Masyarakat Meepago kini berhadapan dengan ancaman serupa. Masuknya investasi akan memusnahkan habitat, menghancurkan sumber daya alam untuk eksploitasi, serta menggusur ruang hidup masyarakat adat. Dampaknya berlapis: kehilangan mata pencaharian, hancurnya tempat keramat, hilangnya hutan, punahnya satwa, tanah yang tandus, serta ketergantungan pada pemilik alat produksi yang membuat rakyat semakin dimiskinkan. Alam dirusak demi memperkaya segelintir elit lokal dan penguasa pemodal. Akibatnya, kesehatan masyarakat terganggu, kehidupan terjerat kemiskinan, masyarakat Papua disiksa, disakiti bahkan dibunuh di atas tanah adat mereka sendiri yang dihancurkan.
Kini, lima puluh tiga (53) izin perusahaan telah masuk untuk beroperasi di Meepago. Perusahaan-perusahaan itu memperkaya pejabat lokal dan elit Jakarta, sementara masyarakat adat hanya dijadikan objek. Investasi dipromosikan dengan dalih lapangan kerja, tetapi sejatinya membuat masyarakat adat menjadi buruh bagi tuan pemilik modal. Akhirnya, mereka menjadi korban berlapis: tanah adat dirampas, hak hidup dipinggirkan, sementara pejabat lokal menjadi aktor yang meloloskan agenda Jakarta, tahu, tapi berpura-pura tuli dan buta atas dampak nyata yang menghancurkan Meepago.
Dalam aksi mimbar bebas ini seorang mama bersuara lantang.

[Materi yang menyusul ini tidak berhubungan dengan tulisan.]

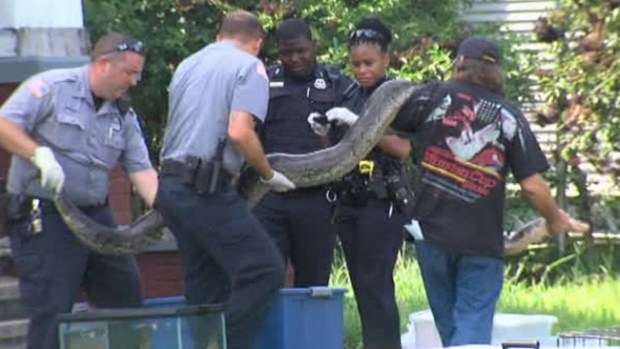 Video: Confiscan gigantescos reptiles en Texas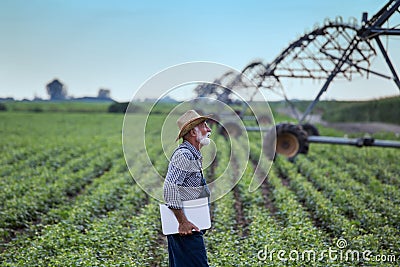 Farmer with laptop in soybean field Stock Photo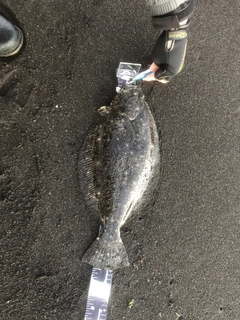 ヒラメの釣果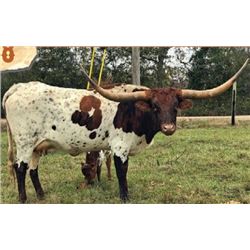 HORSESHOE J TA MOLLY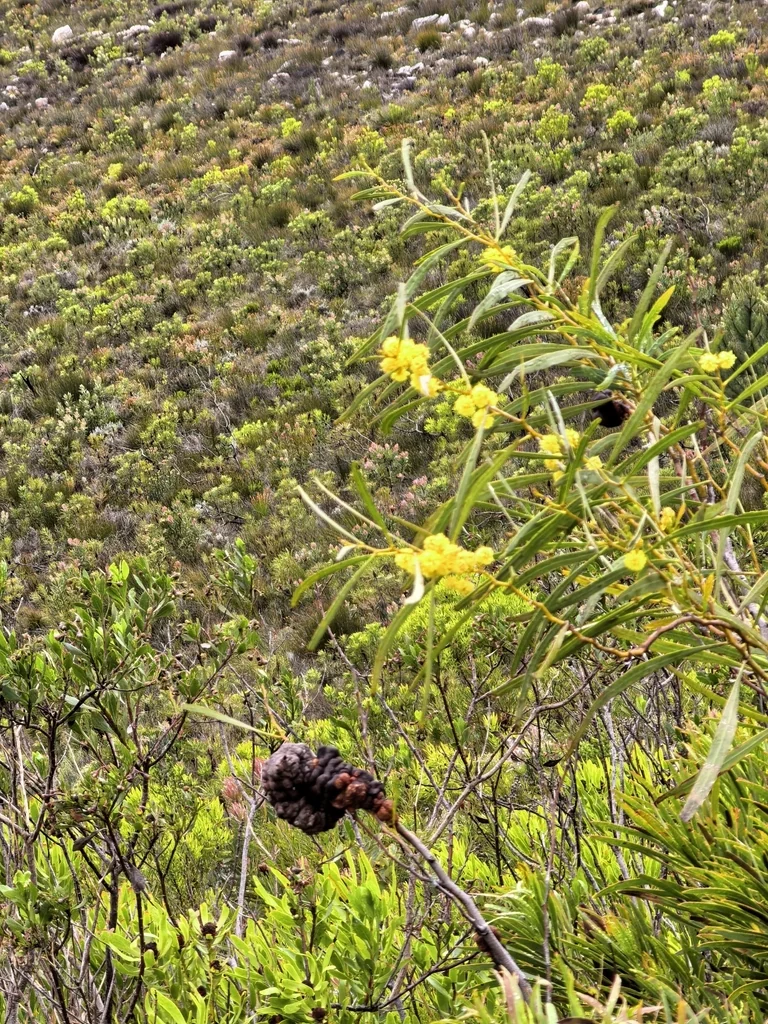 Acacia Saligna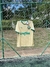 Camisa Palmeiras III 24/25 sn° Torcedor Puma Masculina - - loja online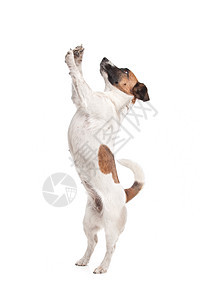 杰克罗塞尔泰瑞尔短发工作室动物宠物犬类家畜猎犬哺乳动物棕色白色图片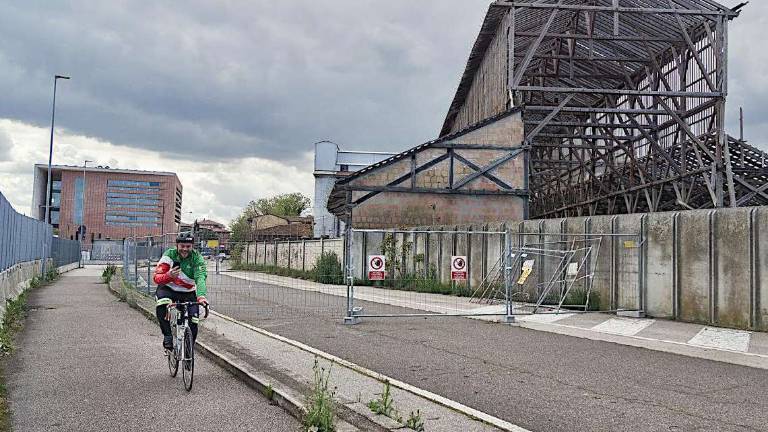Ciclabili, Ravenna studia il nuovo piano Ciclabili, Ravenna studia il nuovo piano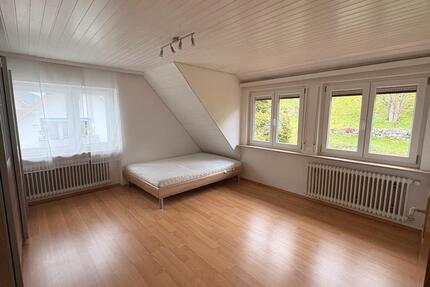 2 Zimmer Wohnung in Baiersbronn Oberdorf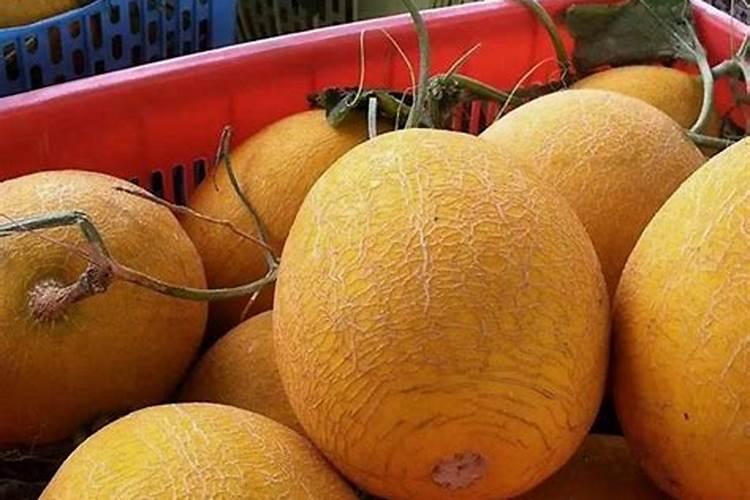 黄瓜上什么农家肥料最好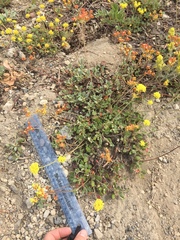 Eriogonum marifolium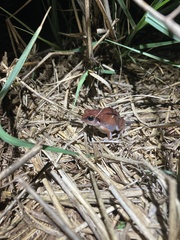 Arthroleptis stenodactylus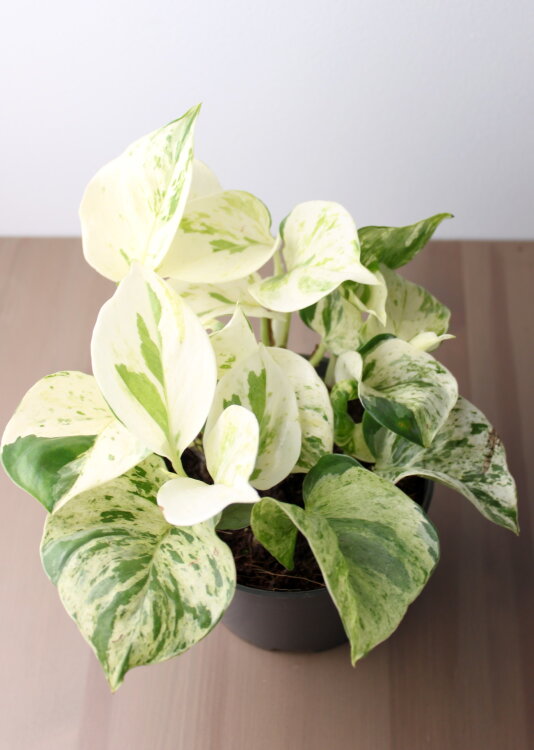 Эпипремнум Хеппи Лиф d12 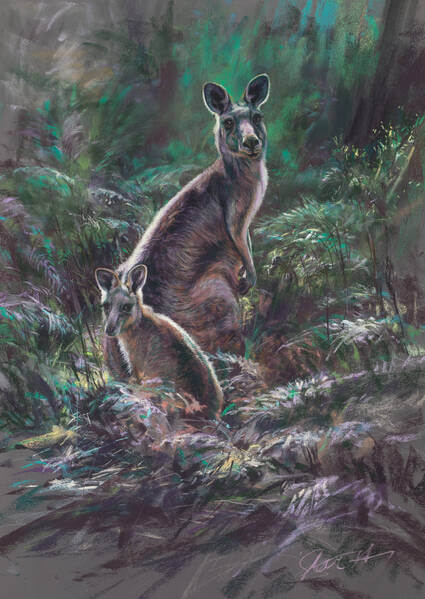 Afternoon dreaming andndash Eastern Grey Kangaroos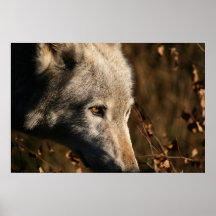 Duma el lobo poster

Ia mengingatkan dasar hukum negara Indonesia: Pancasila, dengan sila pertama Ketuhanan Yang Maha Esa dan sila kedua Kemanusiaan yang Adil dan Beradab. “Kami mama-mama dan orang Papua tahu itu. Tapi hari ini polisi dan tentara justru menjadi pelaku utama: membunuh orang Papua, menginjak, memperkosa, mengintimidasi, dan memaksa orang Papua untuk diam menghadapi ketertindasan,” tegasnya.
Lebih jauh, mama itu menegaskan bahwa orang Papua menjunjung tinggi Ketuhanan Yang Maha Esa, sebab Tuhanlah yang menempatkan orang Papua hidup dan mewarisi tanah Eden untuk dijaga serta dilindungi. Begitu pula dengan kemanusiaan yang adil dan beradab, bagi orang Papua berarti saling mengasihi, menjaga, memberdayakan, dan melindungi sesama manusia. Namun, kenyataannya hari ini, TNI dan Polri justru menjadi aktor pembunuh rakyat, pelaku pelanggaran dilindungi, dan ruang demokrasi dibungkam dengan kekuatan militer.
Kekerasan negara itu juga tampak nyata pada penahanan empat tahanan politik (Tapol) NFRPB yang kini dipindahkan secara paksa ke Makassar.
Pemindahan itu adalah bentuk pembungkaman ruang berekspresi. Keluarga dipaksa tunduk, masyarakat dirampas haknya untuk mendapatkan keadilan di Sorong, dan hukum dijalankan dengan cara yang tidak adil.
Karena itu, dalam aksi mimbar bebas ini, mama tersebut menutup orasinya dengan seruan:
“Segera bebaskan dan pulangkan empat Tapol ke tanah air Sorong, Papua!”